*Try it*:
Beginning with the first line below, please restate each line exactly, down to and including the line containing "4420 Jonesboro Rd, Forest".

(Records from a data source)
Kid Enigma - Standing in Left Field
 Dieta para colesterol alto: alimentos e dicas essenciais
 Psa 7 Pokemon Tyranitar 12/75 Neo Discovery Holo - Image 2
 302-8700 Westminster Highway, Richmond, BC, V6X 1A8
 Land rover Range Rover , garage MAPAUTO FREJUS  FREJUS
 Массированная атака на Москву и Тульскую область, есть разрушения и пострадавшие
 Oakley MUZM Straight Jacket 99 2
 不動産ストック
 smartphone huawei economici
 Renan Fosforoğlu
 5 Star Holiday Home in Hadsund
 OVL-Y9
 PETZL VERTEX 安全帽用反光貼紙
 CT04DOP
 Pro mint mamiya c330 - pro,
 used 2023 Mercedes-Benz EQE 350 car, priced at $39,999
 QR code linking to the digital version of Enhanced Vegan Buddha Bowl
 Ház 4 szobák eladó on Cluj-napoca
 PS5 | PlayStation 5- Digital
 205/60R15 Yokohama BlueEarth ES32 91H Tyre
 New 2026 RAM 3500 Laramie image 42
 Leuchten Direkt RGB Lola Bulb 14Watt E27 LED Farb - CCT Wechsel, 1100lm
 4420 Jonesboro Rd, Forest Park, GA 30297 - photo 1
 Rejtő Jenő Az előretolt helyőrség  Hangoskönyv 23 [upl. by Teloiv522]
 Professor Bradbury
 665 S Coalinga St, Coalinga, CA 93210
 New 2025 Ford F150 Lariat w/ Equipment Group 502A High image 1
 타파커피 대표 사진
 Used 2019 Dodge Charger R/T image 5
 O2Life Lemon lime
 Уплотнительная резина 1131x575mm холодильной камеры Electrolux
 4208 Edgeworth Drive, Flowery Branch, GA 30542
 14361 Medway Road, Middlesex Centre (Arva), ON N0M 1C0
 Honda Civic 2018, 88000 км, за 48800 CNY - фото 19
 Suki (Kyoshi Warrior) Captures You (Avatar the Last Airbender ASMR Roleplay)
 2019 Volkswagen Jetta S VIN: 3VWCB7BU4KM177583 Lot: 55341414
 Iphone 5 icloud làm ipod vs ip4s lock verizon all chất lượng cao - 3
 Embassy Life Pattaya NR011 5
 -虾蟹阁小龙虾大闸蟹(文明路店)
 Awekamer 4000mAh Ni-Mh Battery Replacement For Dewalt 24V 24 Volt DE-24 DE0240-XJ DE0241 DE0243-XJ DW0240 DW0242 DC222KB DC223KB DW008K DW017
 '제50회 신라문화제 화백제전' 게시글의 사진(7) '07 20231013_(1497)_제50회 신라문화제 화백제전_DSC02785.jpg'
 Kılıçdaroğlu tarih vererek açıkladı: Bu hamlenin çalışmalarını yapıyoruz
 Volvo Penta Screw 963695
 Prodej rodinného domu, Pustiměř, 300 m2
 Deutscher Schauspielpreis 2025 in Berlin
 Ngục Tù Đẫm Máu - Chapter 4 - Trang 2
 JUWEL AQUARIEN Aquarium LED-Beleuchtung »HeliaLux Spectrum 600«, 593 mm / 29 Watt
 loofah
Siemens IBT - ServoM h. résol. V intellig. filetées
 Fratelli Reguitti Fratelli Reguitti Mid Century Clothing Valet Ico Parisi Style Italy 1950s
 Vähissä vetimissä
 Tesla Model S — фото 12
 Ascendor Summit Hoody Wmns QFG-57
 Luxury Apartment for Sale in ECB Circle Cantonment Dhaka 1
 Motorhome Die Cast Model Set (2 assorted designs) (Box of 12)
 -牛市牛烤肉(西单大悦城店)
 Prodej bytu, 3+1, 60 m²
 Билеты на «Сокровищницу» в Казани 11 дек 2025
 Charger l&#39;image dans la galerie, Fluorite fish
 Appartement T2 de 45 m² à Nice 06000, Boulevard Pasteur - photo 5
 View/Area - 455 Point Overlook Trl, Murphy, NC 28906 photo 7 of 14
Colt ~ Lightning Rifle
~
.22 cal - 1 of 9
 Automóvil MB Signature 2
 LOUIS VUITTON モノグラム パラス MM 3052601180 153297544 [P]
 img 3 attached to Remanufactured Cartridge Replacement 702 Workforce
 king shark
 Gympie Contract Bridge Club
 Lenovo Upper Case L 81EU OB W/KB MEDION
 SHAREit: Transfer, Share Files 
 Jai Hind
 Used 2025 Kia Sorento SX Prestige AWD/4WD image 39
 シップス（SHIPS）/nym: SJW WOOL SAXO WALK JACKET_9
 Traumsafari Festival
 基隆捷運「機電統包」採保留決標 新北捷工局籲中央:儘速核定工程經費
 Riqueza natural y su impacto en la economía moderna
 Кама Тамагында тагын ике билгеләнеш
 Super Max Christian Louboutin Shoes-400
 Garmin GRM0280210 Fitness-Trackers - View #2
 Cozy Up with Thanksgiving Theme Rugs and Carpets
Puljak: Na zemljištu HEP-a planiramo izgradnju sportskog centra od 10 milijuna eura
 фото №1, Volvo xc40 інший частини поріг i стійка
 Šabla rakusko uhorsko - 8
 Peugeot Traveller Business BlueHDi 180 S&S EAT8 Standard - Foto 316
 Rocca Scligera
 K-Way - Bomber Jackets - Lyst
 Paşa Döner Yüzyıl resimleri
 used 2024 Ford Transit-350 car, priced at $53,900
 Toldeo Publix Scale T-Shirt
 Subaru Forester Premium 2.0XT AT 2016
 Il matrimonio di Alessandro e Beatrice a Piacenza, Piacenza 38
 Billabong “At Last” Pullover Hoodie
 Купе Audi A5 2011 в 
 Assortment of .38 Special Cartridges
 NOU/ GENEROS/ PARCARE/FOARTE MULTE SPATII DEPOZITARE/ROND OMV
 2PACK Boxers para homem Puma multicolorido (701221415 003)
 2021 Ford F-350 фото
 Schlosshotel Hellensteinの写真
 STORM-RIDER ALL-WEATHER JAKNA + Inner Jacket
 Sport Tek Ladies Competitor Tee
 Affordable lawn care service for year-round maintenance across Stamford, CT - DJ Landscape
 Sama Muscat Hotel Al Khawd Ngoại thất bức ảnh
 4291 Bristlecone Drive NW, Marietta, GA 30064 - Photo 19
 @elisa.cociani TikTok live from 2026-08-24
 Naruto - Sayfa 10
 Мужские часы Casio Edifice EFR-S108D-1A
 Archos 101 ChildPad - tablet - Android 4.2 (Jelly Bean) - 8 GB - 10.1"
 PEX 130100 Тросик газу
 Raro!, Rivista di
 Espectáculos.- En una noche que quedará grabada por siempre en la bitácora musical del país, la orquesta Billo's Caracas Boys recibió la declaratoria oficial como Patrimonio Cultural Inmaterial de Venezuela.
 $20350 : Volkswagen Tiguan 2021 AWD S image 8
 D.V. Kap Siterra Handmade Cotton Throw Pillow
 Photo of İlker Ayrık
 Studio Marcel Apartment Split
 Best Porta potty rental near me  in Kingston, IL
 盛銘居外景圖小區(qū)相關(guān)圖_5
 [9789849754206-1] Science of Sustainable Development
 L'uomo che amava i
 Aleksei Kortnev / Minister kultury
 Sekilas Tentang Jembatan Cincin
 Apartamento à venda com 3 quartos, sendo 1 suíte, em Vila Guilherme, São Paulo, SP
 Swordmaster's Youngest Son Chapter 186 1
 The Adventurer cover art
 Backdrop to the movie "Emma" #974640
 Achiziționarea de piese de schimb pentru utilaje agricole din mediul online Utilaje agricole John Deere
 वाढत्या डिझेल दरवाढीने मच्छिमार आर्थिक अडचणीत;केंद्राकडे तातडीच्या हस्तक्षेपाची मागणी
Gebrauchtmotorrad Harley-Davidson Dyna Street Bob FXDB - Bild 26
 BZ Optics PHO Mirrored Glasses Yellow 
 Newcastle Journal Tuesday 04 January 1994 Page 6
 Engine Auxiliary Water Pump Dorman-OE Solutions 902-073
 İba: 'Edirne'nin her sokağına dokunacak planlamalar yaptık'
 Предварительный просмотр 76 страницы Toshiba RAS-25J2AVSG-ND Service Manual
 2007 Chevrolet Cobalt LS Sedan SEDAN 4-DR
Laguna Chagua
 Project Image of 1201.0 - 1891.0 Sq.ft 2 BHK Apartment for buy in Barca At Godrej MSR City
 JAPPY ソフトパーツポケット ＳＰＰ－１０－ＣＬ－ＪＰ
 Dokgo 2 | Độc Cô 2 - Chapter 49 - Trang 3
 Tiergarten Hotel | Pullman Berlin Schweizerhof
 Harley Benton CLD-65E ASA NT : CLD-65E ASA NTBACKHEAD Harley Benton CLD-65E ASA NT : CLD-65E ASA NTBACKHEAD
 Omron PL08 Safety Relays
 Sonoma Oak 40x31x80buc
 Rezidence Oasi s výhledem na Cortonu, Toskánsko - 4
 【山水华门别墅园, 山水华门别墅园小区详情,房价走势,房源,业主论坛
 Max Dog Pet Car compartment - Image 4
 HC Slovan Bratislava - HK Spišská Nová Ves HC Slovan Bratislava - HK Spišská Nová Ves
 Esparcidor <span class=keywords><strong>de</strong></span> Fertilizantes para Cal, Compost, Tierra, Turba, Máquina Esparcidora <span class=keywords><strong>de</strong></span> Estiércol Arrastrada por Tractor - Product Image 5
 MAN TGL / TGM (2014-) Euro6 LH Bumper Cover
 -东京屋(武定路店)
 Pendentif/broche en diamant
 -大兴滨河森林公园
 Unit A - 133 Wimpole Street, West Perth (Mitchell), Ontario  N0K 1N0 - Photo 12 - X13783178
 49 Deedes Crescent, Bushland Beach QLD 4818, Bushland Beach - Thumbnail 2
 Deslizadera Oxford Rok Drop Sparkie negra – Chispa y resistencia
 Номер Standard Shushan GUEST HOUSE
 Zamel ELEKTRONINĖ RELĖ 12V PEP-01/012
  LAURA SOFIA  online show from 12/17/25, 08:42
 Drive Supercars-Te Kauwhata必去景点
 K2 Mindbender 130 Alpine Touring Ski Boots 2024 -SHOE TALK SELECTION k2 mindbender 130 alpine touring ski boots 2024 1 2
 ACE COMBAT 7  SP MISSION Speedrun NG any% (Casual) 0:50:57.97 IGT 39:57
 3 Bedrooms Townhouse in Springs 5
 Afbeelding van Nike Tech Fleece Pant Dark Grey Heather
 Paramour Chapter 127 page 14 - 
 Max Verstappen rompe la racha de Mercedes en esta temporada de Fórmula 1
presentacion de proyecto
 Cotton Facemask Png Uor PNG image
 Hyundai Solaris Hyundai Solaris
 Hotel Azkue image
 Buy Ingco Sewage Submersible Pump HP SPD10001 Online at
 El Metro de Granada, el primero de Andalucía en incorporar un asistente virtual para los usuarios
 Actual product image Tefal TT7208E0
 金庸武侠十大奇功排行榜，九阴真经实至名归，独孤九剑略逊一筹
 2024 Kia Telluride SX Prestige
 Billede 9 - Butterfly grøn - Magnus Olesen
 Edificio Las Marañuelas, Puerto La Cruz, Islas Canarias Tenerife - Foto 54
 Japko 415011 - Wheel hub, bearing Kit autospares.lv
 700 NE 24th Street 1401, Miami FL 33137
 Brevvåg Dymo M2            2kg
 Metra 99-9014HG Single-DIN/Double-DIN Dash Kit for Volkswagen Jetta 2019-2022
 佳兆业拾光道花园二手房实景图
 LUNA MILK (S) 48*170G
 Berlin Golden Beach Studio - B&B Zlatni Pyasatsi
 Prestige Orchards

*Solution to this task*:
Kid Enigma - Standing in Left Field
 Dieta para colesterol alto: alimentos e dicas essenciais
 Psa 7 Pokemon Tyranitar 12/75 Neo Discovery Holo - Image 2
 302-8700 Westminster Highway, Richmond, BC, V6X 1A8
 Land rover Range Rover , garage MAPAUTO FREJUS  FREJUS
 Массированная атака на Москву и Тульскую область, есть разрушения и пострадавшие
 Oakley MUZM Straight Jacket 99 2
 不動産ストック
 smartphone huawei economici
 Renan Fosforoğlu
 5 Star Holiday Home in Hadsund
 OVL-Y9
 PETZL VERTEX 安全帽用反光貼紙
 CT04DOP
 Pro mint mamiya c330 - pro,
 used 2023 Mercedes-Benz EQE 350 car, priced at $39,999
 QR code linking to the digital version of Enhanced Vegan Buddha Bowl
 Ház 4 szobák eladó on Cluj-napoca
 PS5 | PlayStation 5- Digital
 205/60R15 Yokohama BlueEarth ES32 91H Tyre
 New 2026 RAM 3500 Laramie image 42
 Leuchten Direkt RGB Lola Bulb 14Watt E27 LED Farb - CCT Wechsel, 1100lm
 4420 Jonesboro Rd, Forest Park, GA 30297 - photo 1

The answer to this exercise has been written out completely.